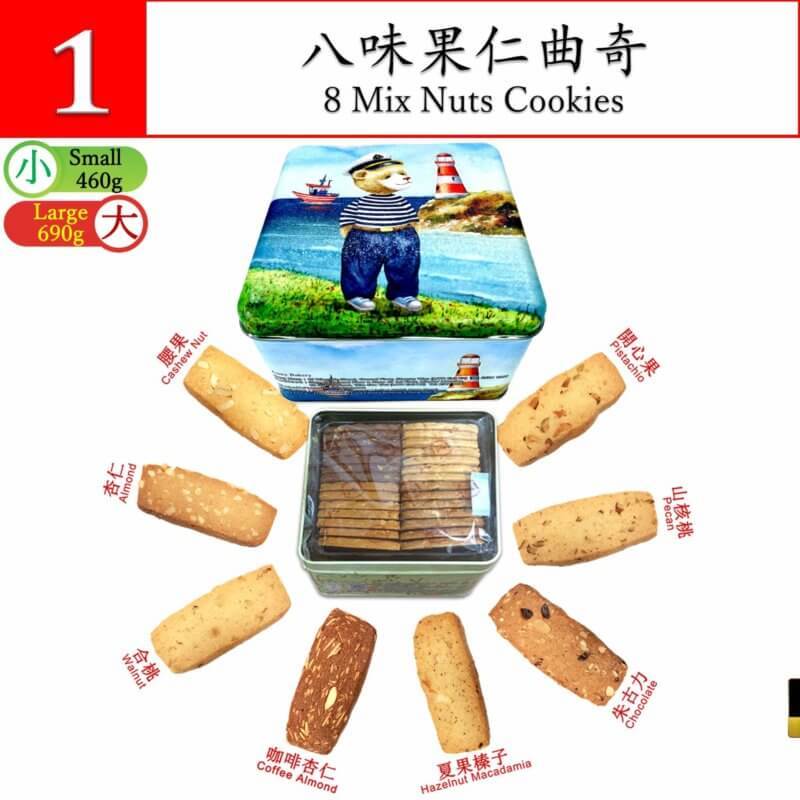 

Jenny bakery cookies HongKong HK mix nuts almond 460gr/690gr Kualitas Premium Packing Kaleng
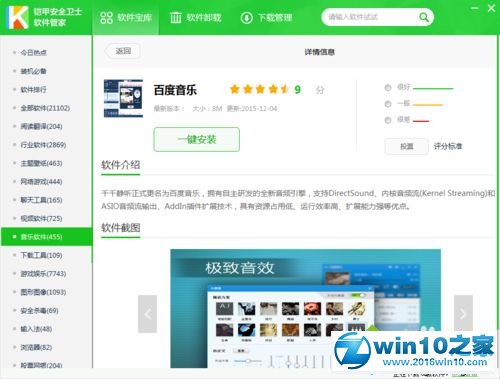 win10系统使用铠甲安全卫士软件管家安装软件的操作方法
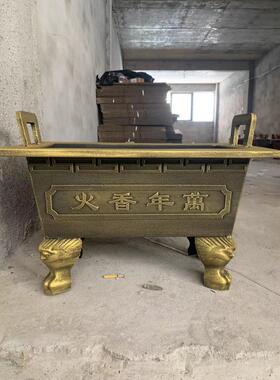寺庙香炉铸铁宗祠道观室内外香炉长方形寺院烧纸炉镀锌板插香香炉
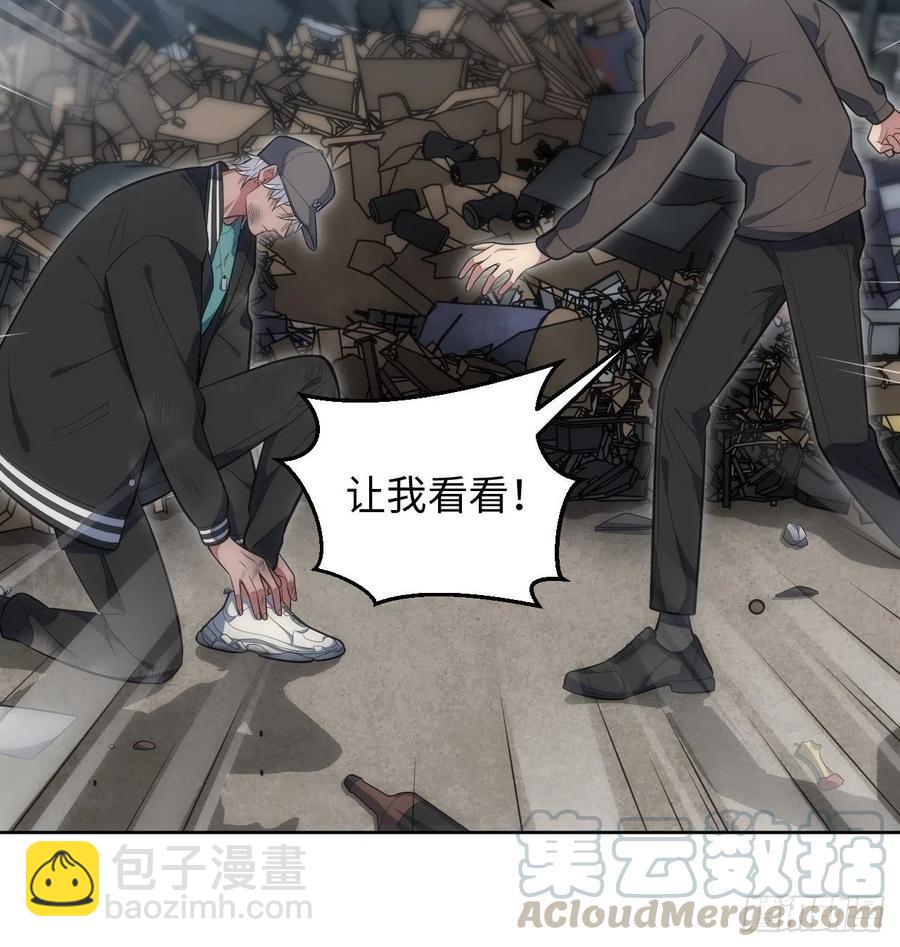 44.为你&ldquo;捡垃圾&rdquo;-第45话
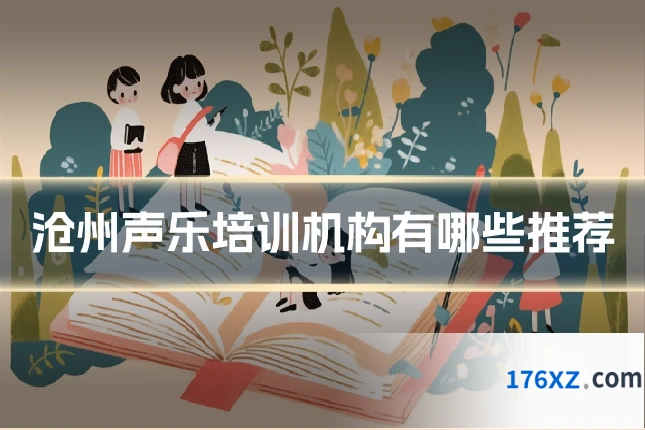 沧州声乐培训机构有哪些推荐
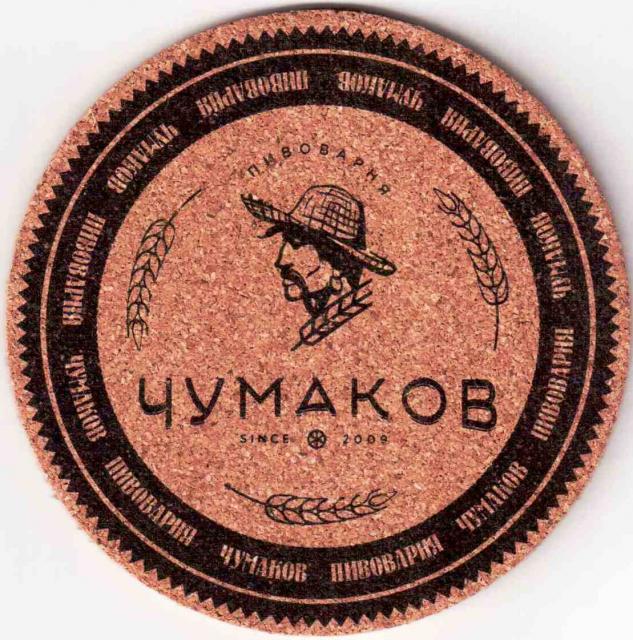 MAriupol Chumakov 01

...

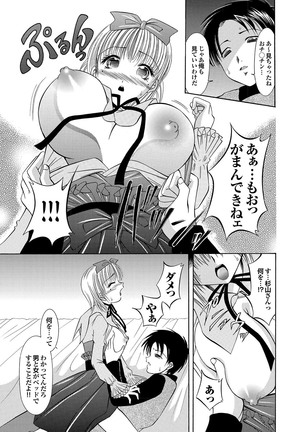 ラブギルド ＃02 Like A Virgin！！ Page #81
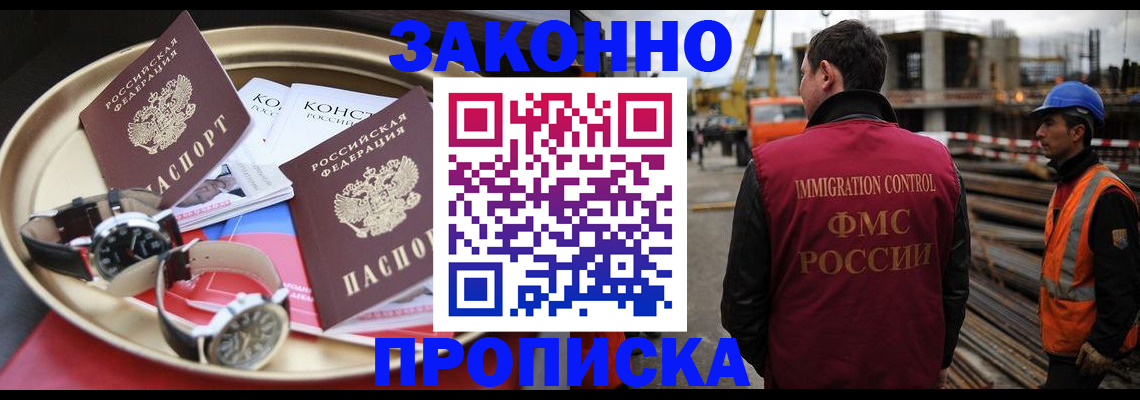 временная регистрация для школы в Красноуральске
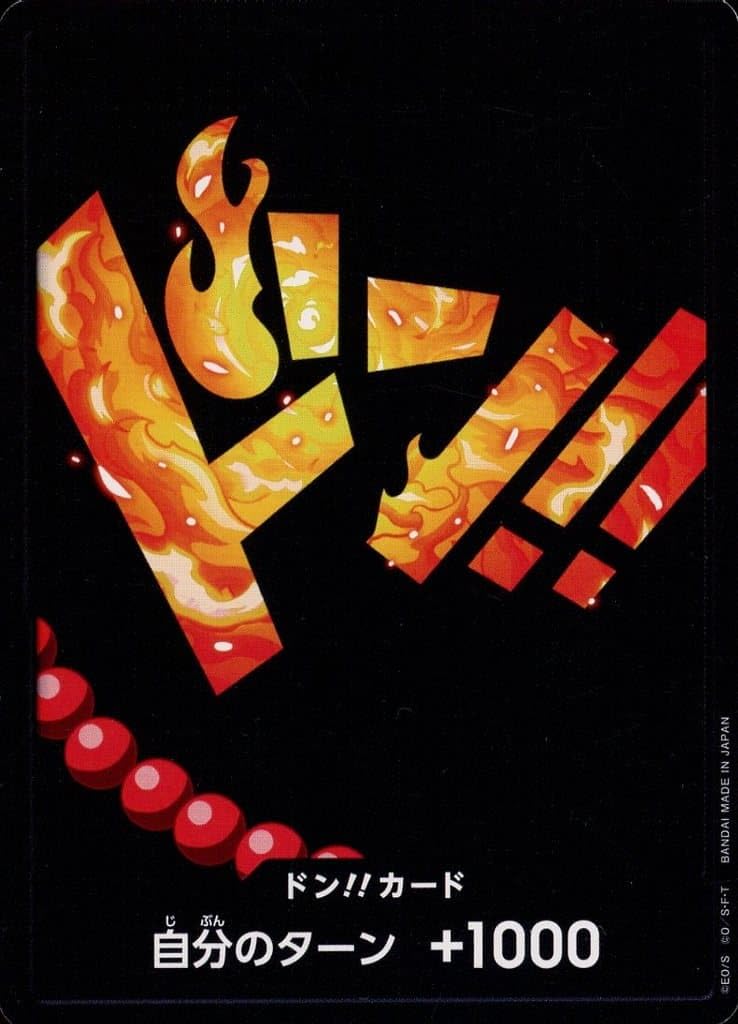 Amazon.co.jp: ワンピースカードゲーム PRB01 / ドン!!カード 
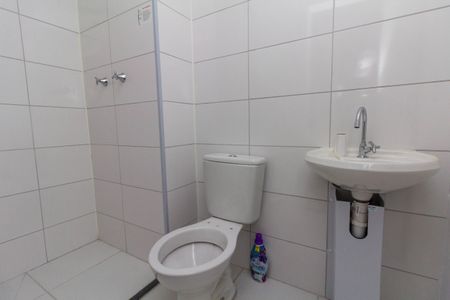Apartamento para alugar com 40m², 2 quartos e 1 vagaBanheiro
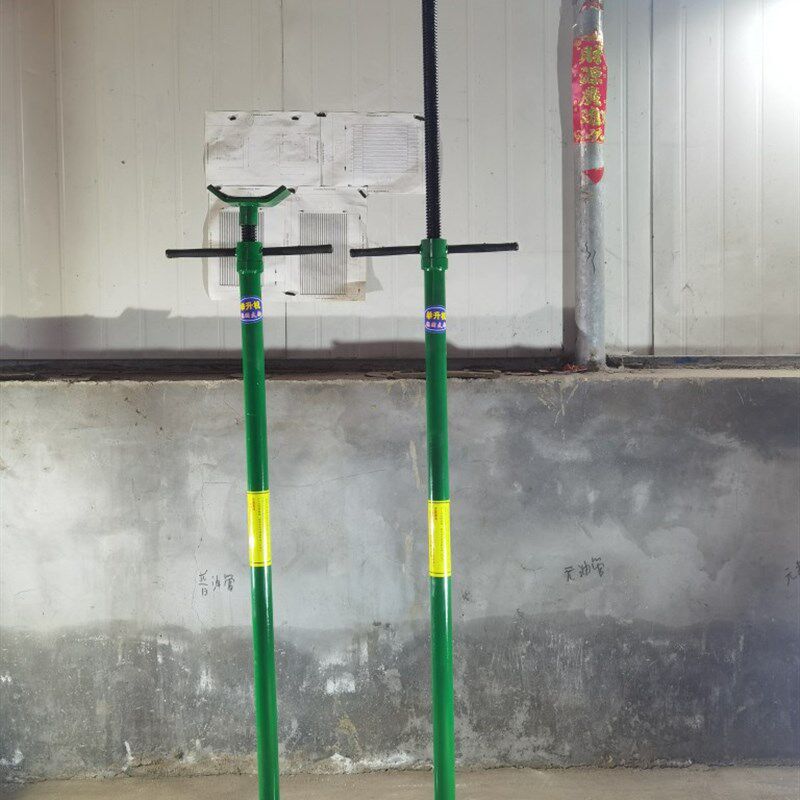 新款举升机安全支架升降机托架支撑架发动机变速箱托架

---

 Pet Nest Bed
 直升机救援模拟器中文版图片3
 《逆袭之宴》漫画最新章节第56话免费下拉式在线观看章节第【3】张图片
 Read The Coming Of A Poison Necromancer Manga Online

» TASK TO COMPLETE: Within the entries above, give again exactly the lines starting at the one that contains "44.为你&ldquo;捡垃圾&rdquo;-第45话" and ending at the one that contains "MAriupol Chumakov 01", leaving out the pictures.

» PROBLEM SOLUTION:
 44.为你&ldquo;捡垃圾&rdquo;-第45话
 沧州声乐培训机构有哪些推荐
 MAriupol Chumakov 01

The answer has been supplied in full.